* WHAT TO PRODUCE:
Go to the line that contains "Bicicleta electrica DUOTTS N26". Restate that line and each one after it exactly, through the end of the records, without pictures.

* DATA FOR PROCESSING:
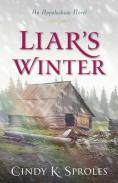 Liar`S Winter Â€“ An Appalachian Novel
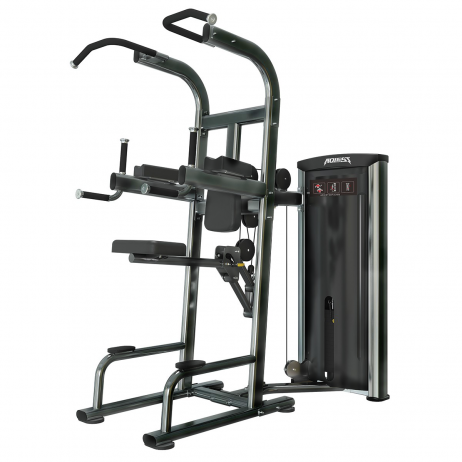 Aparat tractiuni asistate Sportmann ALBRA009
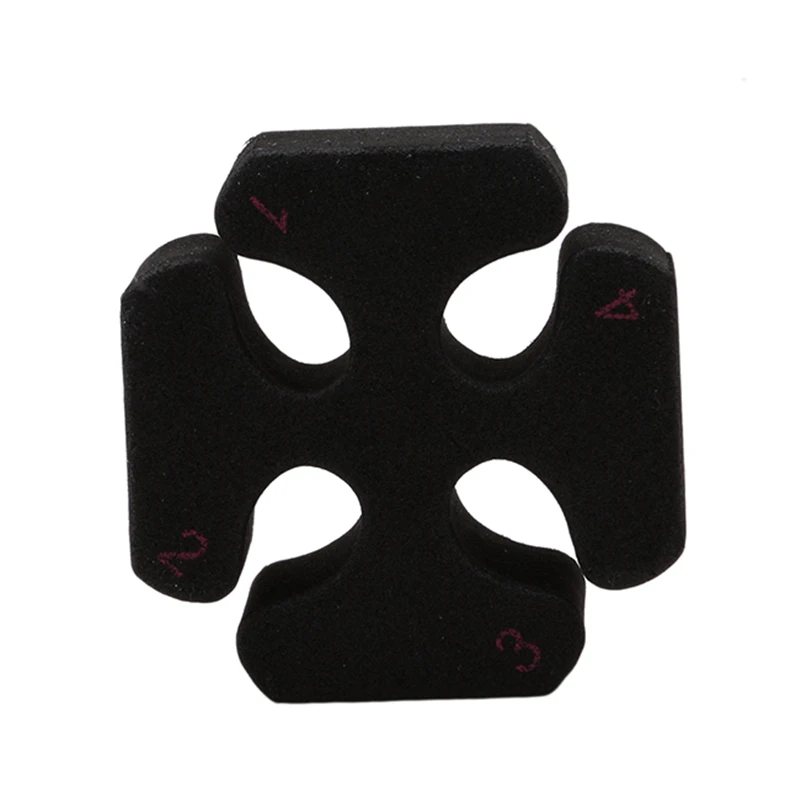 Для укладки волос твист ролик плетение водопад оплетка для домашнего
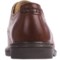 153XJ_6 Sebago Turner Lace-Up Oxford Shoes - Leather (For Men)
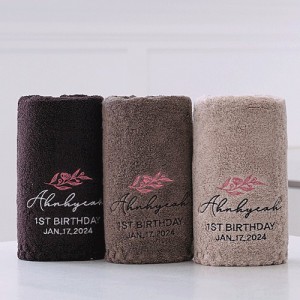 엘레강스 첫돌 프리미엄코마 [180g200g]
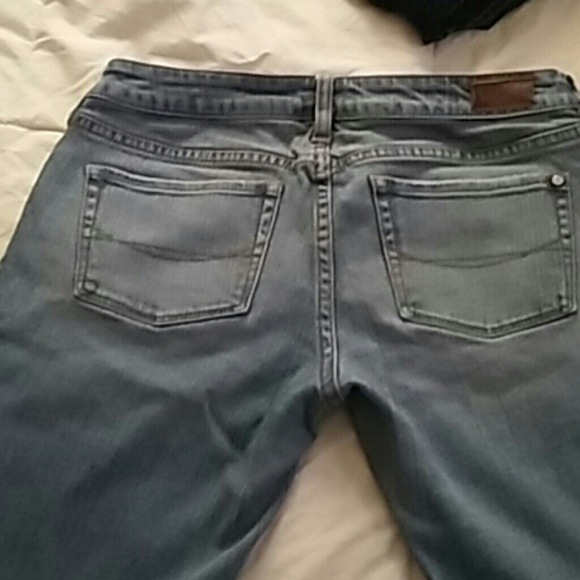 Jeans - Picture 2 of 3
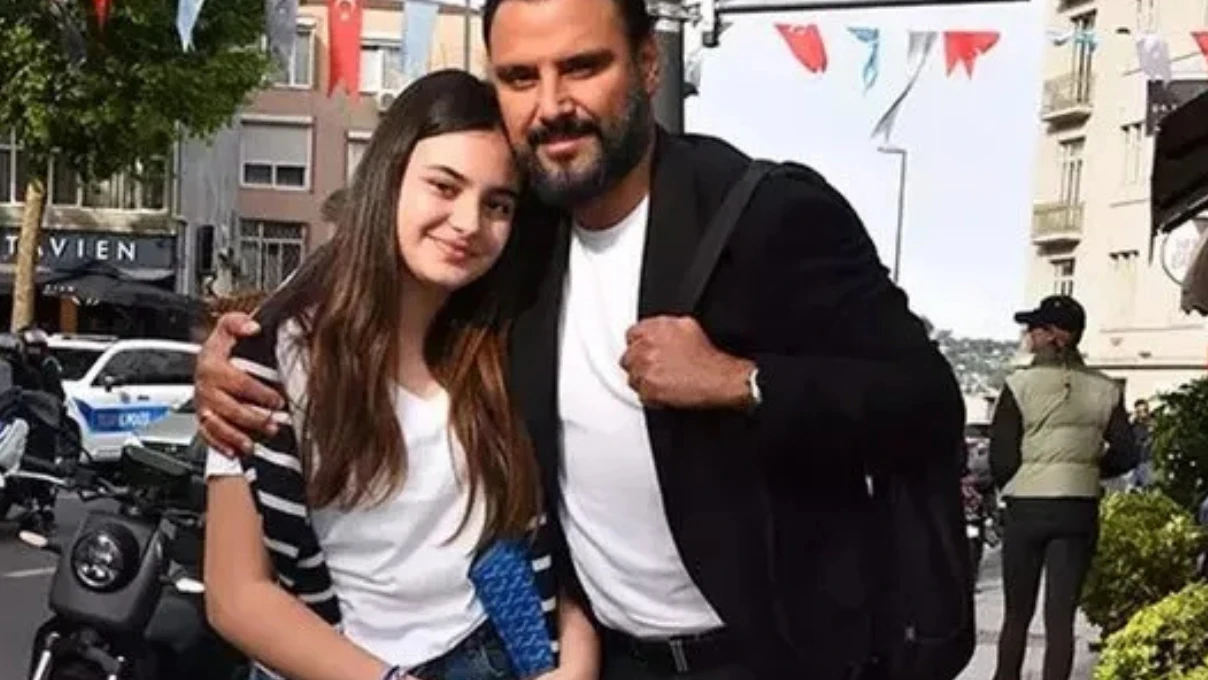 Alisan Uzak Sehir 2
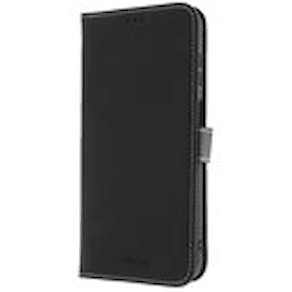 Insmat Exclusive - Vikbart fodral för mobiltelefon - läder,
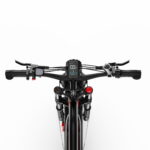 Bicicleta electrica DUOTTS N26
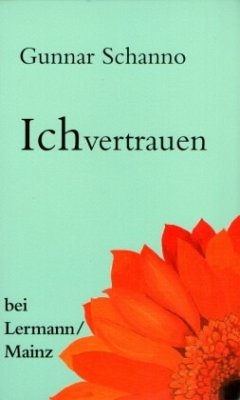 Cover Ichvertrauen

* RESPONSE TO THE EXERCISE:
 Bicicleta electrica DUOTTS N26
 Cover Ichvertrauen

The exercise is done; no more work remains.